Subprime Car Loans: Blessing or Curse?

For many people in today’s world, a car is a necessity. In most cases, though, purchasing a vehicle requires financing, which can be difficult for those with recent financial setbacks to obtain. Some estimates show that as many as 50 million Americans suffered significant damage to their credit ratings during the banking crisis of 2008-2010.

A new form of financing is enabling these people to purchase automobiles. However, these programs come with a catch: if the person fails to make a payment on time, then the finance company can shut the vehicle off remotely, without warning and at any spot on earth. Needless to say, this new approach to financing is stirring up quite a bit of controversy.

Mary Bolender, a resident of Las Vegas, experienced the downside of these programs for herself in September 2014. Her 10-year-old daughter was running a high fever and needed to go to the doctor. Ms. Bolender placed the child in her 2005 Chrysler van and tried to start the engine. But the vehicle refused to crank. Her finance company had disabled the engine because she was three days late on her monthly payment. “I felt absolutely helpless,” Ms. Bolender said later.

Her dilemma is typical of experiences reported by other consumers who have gone the same route to get auto financing. To serve this vast market, lenders have teamed up with car dealers to offer financing to these people. For many, these loans are their only means to obtain an automobile.

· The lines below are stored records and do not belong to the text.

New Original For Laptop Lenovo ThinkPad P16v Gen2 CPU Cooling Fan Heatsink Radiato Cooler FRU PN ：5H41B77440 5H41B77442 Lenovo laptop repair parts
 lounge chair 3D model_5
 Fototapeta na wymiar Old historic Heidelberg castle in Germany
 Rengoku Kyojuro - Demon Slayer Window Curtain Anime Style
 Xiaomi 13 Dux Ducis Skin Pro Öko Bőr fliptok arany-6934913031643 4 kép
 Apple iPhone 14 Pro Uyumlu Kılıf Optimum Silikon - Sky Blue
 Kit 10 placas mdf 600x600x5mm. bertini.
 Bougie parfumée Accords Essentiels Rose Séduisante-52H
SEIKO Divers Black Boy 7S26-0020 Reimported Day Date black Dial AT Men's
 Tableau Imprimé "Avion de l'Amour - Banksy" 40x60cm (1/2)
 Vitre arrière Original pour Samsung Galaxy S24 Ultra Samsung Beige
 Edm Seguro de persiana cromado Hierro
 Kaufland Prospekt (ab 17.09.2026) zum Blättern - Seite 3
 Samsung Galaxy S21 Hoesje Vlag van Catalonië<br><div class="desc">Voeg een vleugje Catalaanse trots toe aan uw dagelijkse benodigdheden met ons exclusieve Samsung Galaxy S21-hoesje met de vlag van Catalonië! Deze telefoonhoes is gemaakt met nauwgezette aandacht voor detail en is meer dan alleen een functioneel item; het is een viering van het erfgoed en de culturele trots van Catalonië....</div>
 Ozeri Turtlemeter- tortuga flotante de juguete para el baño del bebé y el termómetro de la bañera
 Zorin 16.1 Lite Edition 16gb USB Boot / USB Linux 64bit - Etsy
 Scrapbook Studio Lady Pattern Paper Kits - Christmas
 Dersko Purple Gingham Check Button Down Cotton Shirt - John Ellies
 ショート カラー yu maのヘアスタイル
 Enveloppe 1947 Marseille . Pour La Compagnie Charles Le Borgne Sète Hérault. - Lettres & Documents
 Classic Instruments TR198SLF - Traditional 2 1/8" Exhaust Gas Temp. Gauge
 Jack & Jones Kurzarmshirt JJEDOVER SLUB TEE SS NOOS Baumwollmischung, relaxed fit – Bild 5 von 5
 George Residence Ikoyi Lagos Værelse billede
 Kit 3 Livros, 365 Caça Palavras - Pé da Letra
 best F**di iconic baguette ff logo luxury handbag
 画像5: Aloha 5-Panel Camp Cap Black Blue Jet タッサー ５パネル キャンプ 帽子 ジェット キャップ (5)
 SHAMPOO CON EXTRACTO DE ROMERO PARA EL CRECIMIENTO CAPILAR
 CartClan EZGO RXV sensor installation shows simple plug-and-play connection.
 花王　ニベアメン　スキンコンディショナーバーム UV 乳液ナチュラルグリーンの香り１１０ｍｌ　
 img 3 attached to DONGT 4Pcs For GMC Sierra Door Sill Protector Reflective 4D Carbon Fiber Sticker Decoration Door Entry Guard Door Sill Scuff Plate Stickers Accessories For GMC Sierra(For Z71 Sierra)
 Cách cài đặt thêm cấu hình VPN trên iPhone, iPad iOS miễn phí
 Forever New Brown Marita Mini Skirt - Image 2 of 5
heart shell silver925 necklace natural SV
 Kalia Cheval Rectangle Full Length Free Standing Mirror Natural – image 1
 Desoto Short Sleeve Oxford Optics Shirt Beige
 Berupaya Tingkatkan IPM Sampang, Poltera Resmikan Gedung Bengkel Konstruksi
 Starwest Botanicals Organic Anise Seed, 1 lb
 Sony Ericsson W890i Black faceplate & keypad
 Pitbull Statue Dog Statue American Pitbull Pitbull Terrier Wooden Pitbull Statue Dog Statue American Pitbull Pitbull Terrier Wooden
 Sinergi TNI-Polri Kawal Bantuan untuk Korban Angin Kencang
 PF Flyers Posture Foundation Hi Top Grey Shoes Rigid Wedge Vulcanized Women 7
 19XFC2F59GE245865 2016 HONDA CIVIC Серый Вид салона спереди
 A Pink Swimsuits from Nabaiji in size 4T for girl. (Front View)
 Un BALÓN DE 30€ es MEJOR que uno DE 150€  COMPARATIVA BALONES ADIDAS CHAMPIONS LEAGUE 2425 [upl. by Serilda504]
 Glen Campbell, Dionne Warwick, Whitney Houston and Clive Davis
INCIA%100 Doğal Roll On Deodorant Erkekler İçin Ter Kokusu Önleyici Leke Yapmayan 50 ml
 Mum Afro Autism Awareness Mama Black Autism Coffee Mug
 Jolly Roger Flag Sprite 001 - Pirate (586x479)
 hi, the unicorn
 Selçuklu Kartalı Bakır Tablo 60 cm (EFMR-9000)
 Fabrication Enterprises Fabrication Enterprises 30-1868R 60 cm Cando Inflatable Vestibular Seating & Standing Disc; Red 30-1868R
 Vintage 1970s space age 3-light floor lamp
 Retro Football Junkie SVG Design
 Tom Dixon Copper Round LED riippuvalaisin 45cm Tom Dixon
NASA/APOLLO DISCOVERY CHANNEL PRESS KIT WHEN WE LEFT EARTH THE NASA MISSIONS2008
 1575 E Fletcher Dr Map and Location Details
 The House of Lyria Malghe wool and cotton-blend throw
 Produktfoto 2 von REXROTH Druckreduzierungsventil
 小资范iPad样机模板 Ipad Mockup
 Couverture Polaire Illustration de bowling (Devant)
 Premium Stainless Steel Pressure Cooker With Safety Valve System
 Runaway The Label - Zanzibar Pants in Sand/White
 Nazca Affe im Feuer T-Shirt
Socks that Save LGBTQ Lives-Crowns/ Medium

These loans come with several strings attached: interest rates often exceed 30%, repayment may take several years, and the buyer must agree to have an auto-shutoff device installed in their car.

For repo men, these devices are a dream come true. Gone are the days when they were forced to patrol neighborhoods all hours of the day and night looking for cars. Nowadays lenders can track vehicles using GPS technology and shut them down with the click of a mouse. For borrowers, there is no leeway; they must either make the payments on time or lose the ability to drive.

Loan companies are falling over each other trying to get a piece of the subprime financing business. In days where conventional loans pay paltry interest, the prospect of charging customers sky-high rates is too tempting to resist. One study shows that as many as 30% of vehicles financed in the last two years have a starter interrupt device installed.

This new way of financing cars is not without its critics. Customers who have had their vehicles shut off are often unable to get to work, take their children to school, or go to the doctor. Some have shared stories of their vehicles being disabled at red lights or in unsafe neighborhoods. Many consumer advocates are lobbying for new rules to regulate or outlaw the starter interrupt devices altogether.

For their part, lenders and dealers who participate in these programs say that they’re providing vehicles to people who could not otherwise obtain them. Many of those who sign up for these loans say that the devices serve as a “friendly reminder” to make their payments on time. For some, financing their vehicles in this manner has helped them learn to budget wisely and improve their credit rating.

Whether for good or ill, it appears that this unusual method of auto lending is here to stay. For those in desperate need of a vehicle, this stringent form of subprime financing may indeed be a blessing—as long as they can make their payments.